There’s no shortage of studies and reports demonstrating the value of well-executed internal social media. Chief among these is the improved speed with which employees can get answers to questions and deal with exceptions (as Deloitte calls them) that arise in their jobs. McKinsey’s annual review of internal social media shows benefits to organizations that range from reducing the cost of communication to eliminating travel expenses, from speeding the development of new product ideas to improving customer service. But wait! There’s more! A Baylor University case study appearing in the European Journal of Information Systems looked at the efforts of a financial services company to “acclimate new employees into the organization.” Because they had access to internal social channels, those new employees had a “great sense of well-being and organizational commitment and better employee engagement,” writes Jesse States in a Meeting Professionals International blog post. “For millennials, mixing their work life and their social life via an online social networking created positive emotions for the employees who use the system,” said Hope Koch, Ph.D., Baylor University associate professor of information systems in the Hankamer School of Business and study co-author. “These emotions led to more social networking and ultimately helped the employees build personal resources like social capital and organizational learning.” Turnover dropped as well.

Are brand responses to real-time opportunities now a requirement?

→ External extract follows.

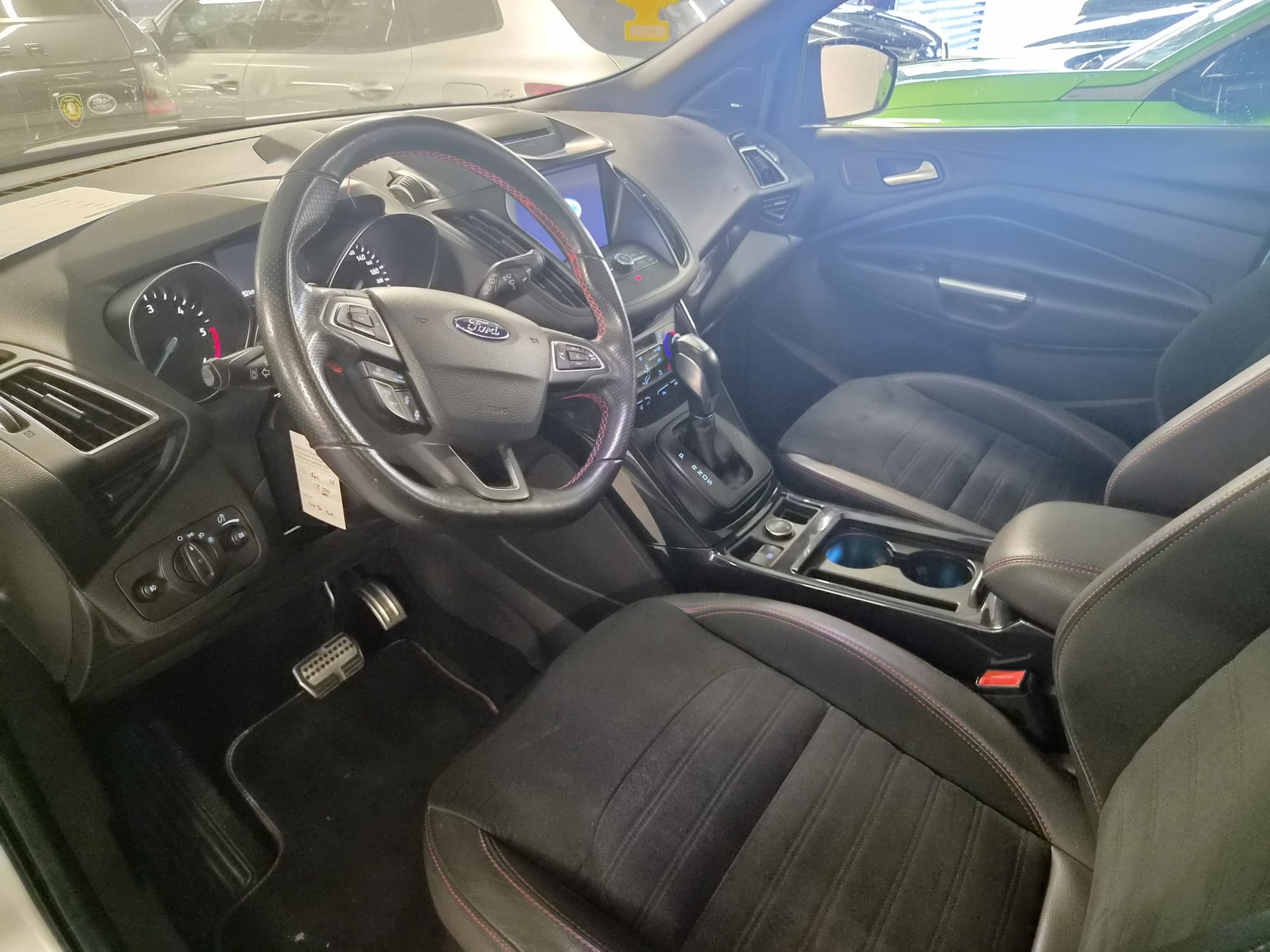FORD Kuga 2.0 TDCi 180 ST-Line FPS 4WD PowerShift-image-4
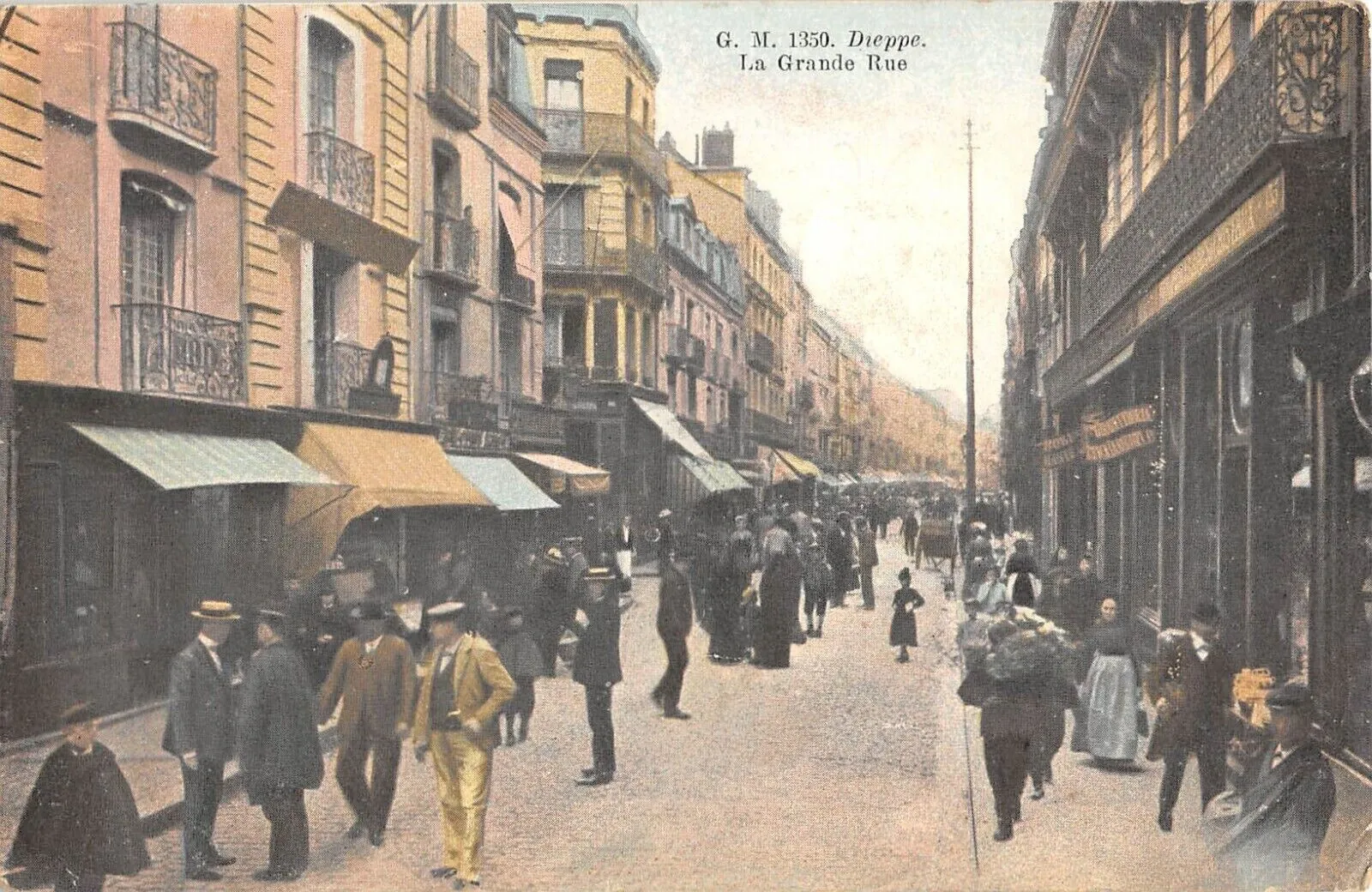 Appartement à aménager en hyper-centre de Dieppe – 42 m², 105 000 €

The Oreo brand got a lot of attention for tweeting a link to a digital asset created as the Super Bowl screeched to a halt as technicians tried to get the lights back on. While some suggest the cookie is getting too much attention, other evidently think that the failure to capitalize on such moments is worthy of criticism. (I’ve even started to wonder, when listening to conference presentations, “Where’s the real-time response plan?”) C|Net‘s Daniel Terdiman called out the Poland Water brand for missing the chance to grab the spotlight earlier this week when Florida Senator Marco Rubio paused while delivering the Republican response to the State of the Union address, reached out of the camera frame, picked up a short bottle of Poland Water, sipped it, put it back and then returned to his speech. “Unfortunately for Poland Sprint, its social media people—if it has any—dropped the ball,” Terdiman writes, noting that its official Twitter accounts"were both dormant after Rubio’s instantly panned water break.” In fact, the most recent tweet from either account was posted more than two years ago. Terdiman suggested the company could have inaugurated a #watergate hash tag, or bought a promoted tweet. Does real-time marketing now have to be part of the mix? Is it really worth reporting on how companies don’t use it?

Payment by hashtag

Speaking of hashtags, a collaboration between Twitter and American Express will allow you to buy a product by including the right hashtag in a tweet; registered members you use the service will get a confirmation tweet back from the @AmexSync account. After that, you’ll have “15 minutes to confirm you want the product. Your card will be charged and the goods shipped to your billing address,” according to CNN‘s Heather Kelly. Companies participating in the process will tweet out the hashtags, or you can visit a new American Express Favorites site. Early offerings include an Amazon Kindle Fire, a Sony Action cam, a bracelet designed by Donna Karan and an Xbox 360.